Over the years, I've talked to a number of enterprises that have outsourced their data center operations to data center management firms such as IBM, EDS (Hewlett-Packard), and CSC. I've heard and equal mix of success and horror stories of these endeavors. From these discussions we can learn what works, what doesn't work and, most importantly, what you can do to ensure a successful outsourcing experience.
Keys to successful data center outsourcing
Those enterprise data centers that have experienced success had a few things in common. While each data center has its unique needs and challenges, successfully outsourced data centers share the following elements.
- Partnership. The relationship between the enterprise and the data center services provider is formulated as a partnership. Both companies are driving to a common goal of a successful relationship. The data center service provider must become an extension of the IT organization, meaning that the IT organization must completely accept and adopt the service provider into its environment. Whether the service provider performs managed services at the company's premises or the IT systems are physically moved into a data center owned by the service provider, the service provider is a part of the enterprise IT organization.
- Enterprise retains architecture. The enterprise retains architectural direction and control of the IT systems. The architecture team interfaces with
- the business units (often reporting into the business units) and translates business needs into IT architecture for the enterprise, including the outsourced service provider. The service provider is intimately involved in the architecture definition and management processes.
- Clear service-level agreements (SLAs) are defined. A data center service provider must have guidelines, checks and balances within which to operate. Clear SLAs become the largest component of the contract, defining items such as change control processes, system audits, reporting, and issue escalation and resolution definitions and timeframes.
- Matched governance models. The service provider achieves efficiency by incorporating process, procedure and governance in what it does. Successful relationships are between enterprises and service providers that incorporate similar governance processes. A quick check can be seen in a service provider boiler plate SLA. It can be used to identify the provider's process and capabilities.
- Leverage economies of scale. The enterprise identifies those IT functions that are not done in scale within the organization, or that the enterprise has had difficulty in finding skilled employees to manage. Very large enterprises often find that their internal economies of scale result in lower IT operating costs than could be supplied by outsourcing. Those functions are often best kept in-house; however, organizing internal IT as a service provider to the business units will enable clear SLAs to be defined so that the internal IT can improve, or at least maintain, its efficiencies.

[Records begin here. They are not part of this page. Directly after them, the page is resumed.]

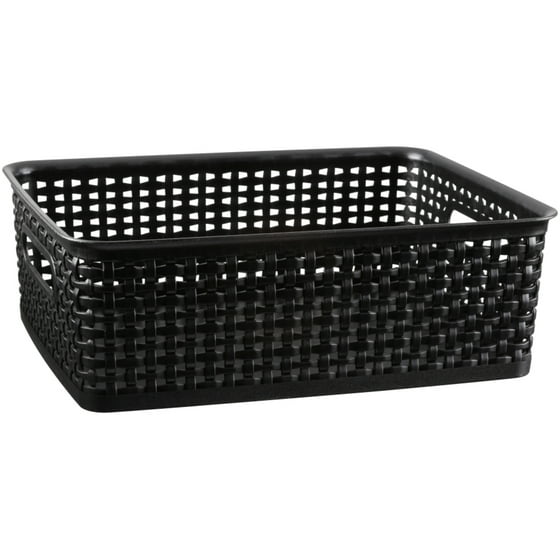 Plastic Weave Bin,Black/Gray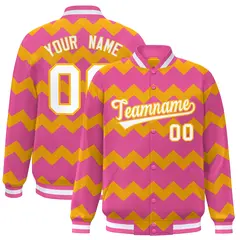 Pink Ripple Color Block Varsity Letterman Jacket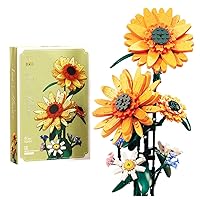 Sunflower Building Blocks Set, 821 Pcs, Includes Vase, Home Decor & Creative Gifts, Flower Bouquet Building Bricks Kit, Artificial Flowers for Adults and Kids, Compatible with Major Brands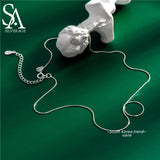 Slim Folding Silver Necklace S925 Sterling Silver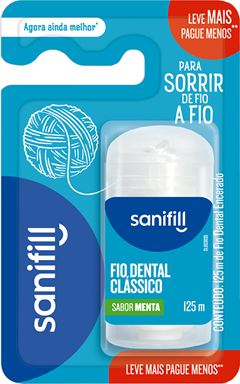 Fio Dental Sanifill Classico Leve 125m Pague 100m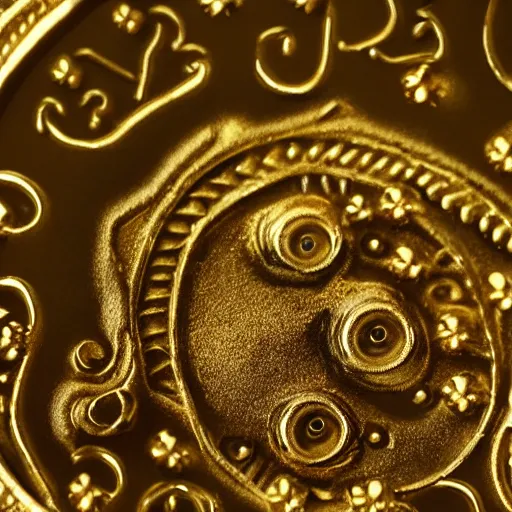 Image similar to 4 4 tiny detailed human eyes embedded in an engraved 1 8 k gold skull plate macro photo deviant realistic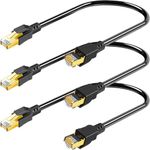 tunghey 3Pack Short Cat8 Ethernet Cable 0.3M, High Speed Ethernet Cable Cat 8 SFTP Internet Network Patch Cord Cable 40Gbps 2000Mhz for Patch Panel, Home Network, Cable Management, Router, Modem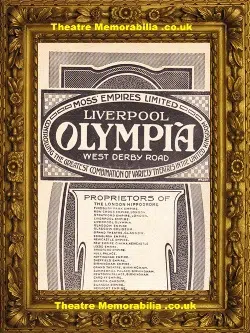 Liverpool Olympia Theatre – Variety Show – 1919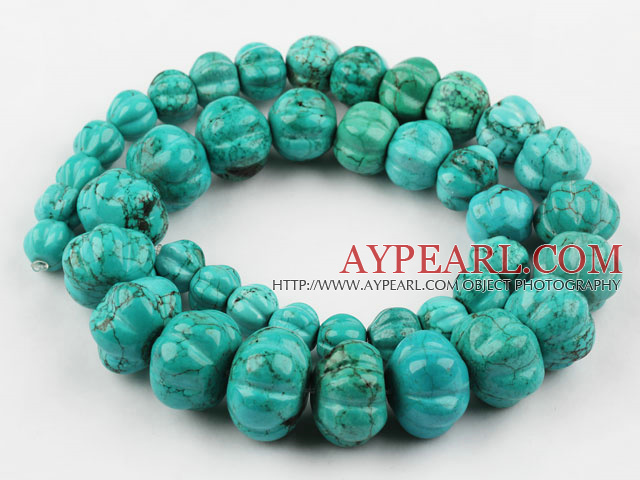 Turquoise Beads, Green, 10-20mm pumpkin tower shape,about 5 strands/kg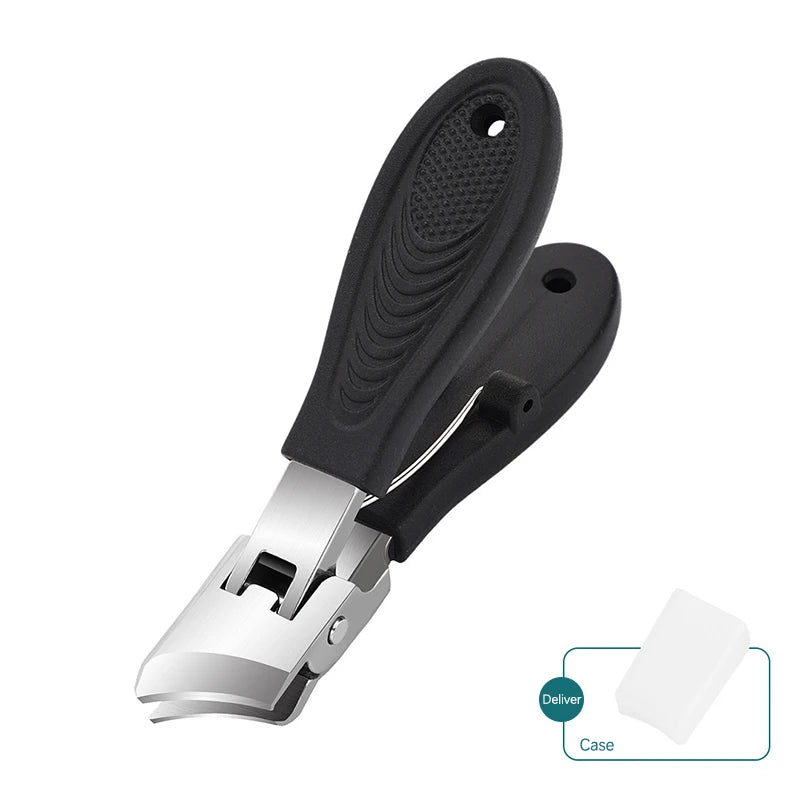 Large Jaw Openning Nail Clipper Thick Hard Slanted Cutter Stainless Qme Black
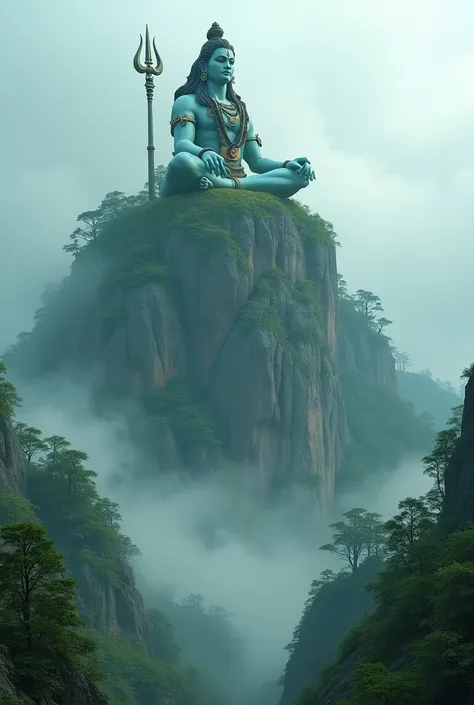 8K Ultra HDR, hill rock large landscape A majestic peak  colour full shrouded in mist.  A colossal Lord Shiva large statue, his form adorned with emerald moss, sits serenely atop the peak.  His mighty Trishul rests beside him.   its powerful flow dwarfing ...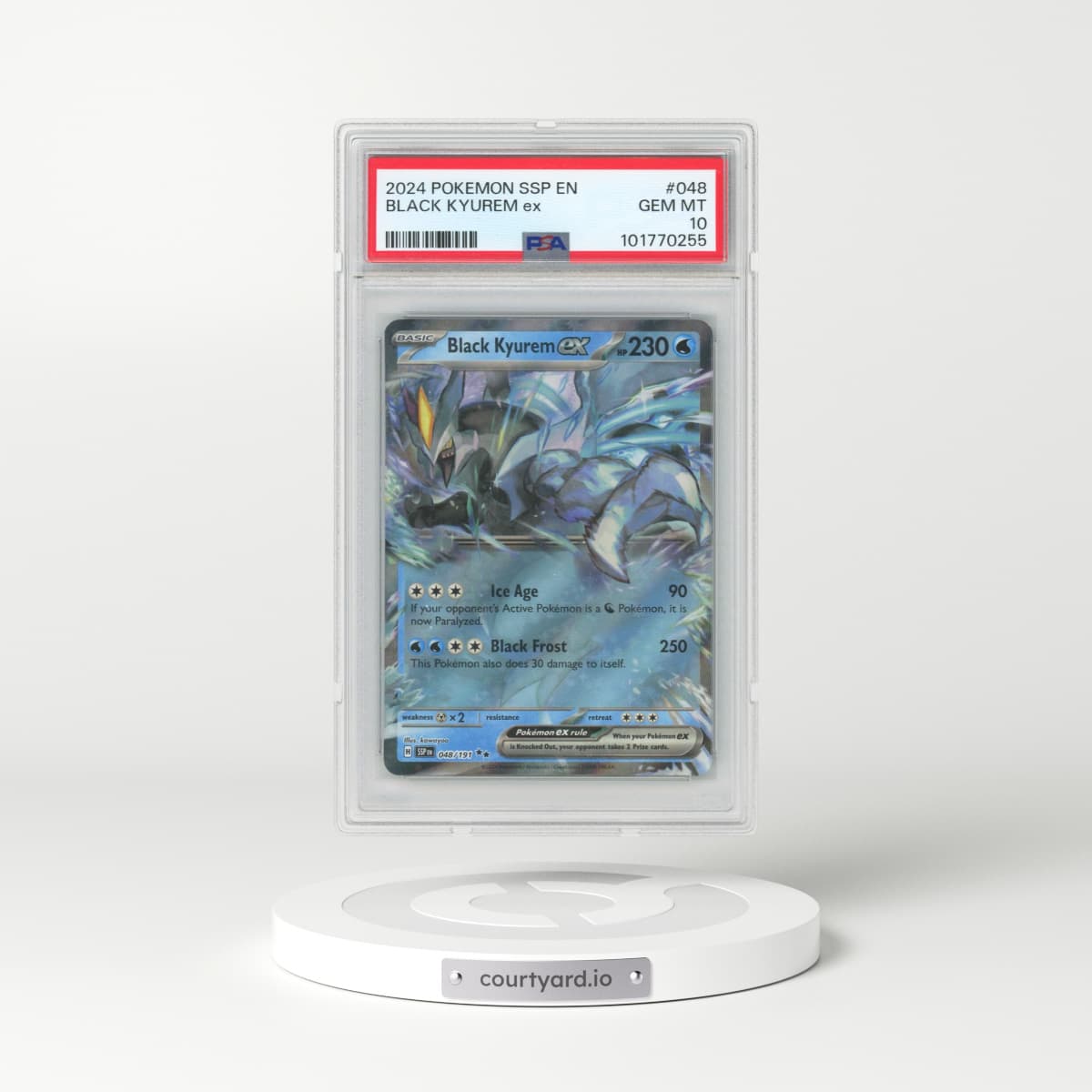 2024 Pokémon Ssp EN-Surging Sparks #048 Black Kyurem EX - Holo (PSA 10 GEM MINT)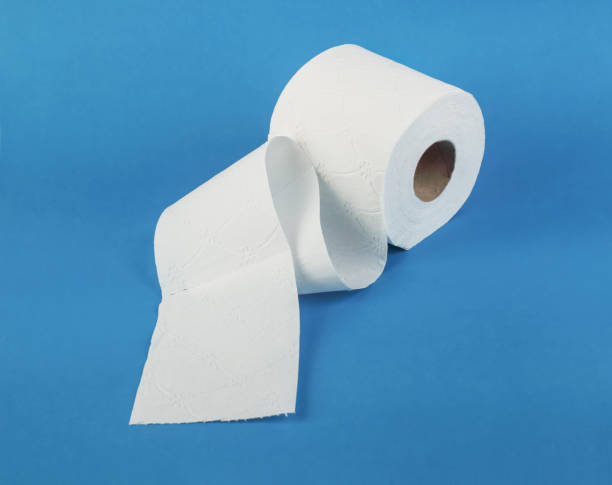 White toilet paper rolls on the blue background. Hygiene concept stock photo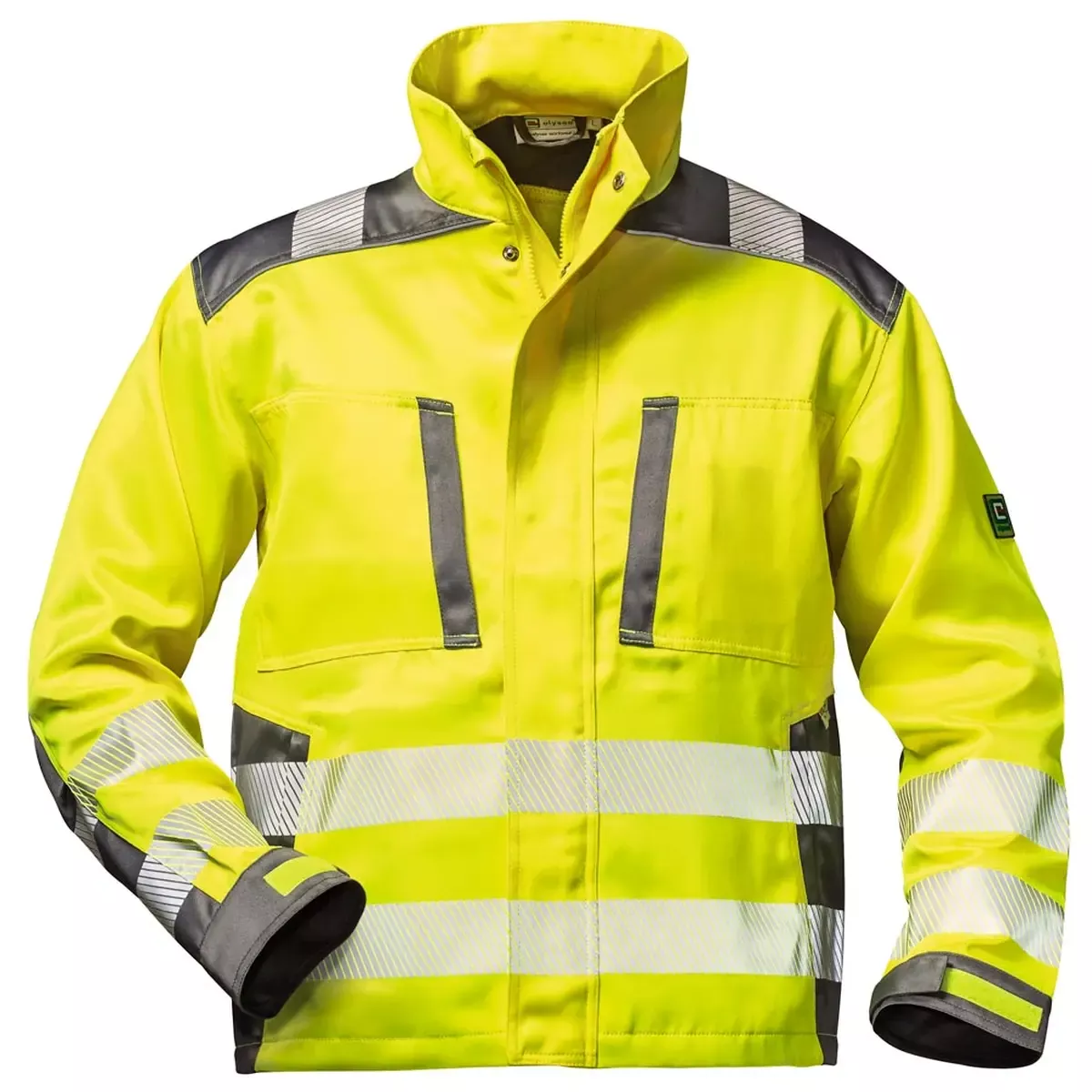 Bekleidung Warnschutz-Bundjacke Bastia, Farbe HiVis gelb grau, Gr.L für Arbeitssicherheit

- Outsourcing one IT function at a time. Successful relationships include learning and training periods for both parties. They do not outsource the whole data center in one large effort, attempting to meet an insane project schedule (such as within six months). An agreed-upon IT function is selected and a period of cross training is defined. The enterprise IT organization must prepare itself and learn how it will interface with the data center service provider. Likewise, the service provider must learn the enterprise's IT systems and business process that it supports in addition to learning how to interface with the enterprise organization. Typically, the enterprise has incorporated various tools -- off-the-shelf and homegrown -- to monitor and report to the business the service quality of its operations. Those same or similar tools are required to enable continued reporting of proper operational data to the business units. The service provider must be trained on these tools and processes in order to properly integrate.
Outsourcing pitfalls to avoid
I've also talked to a number of enterprises that have been less than satisfied with an outsourcing project. These organizations also have mistakes in common.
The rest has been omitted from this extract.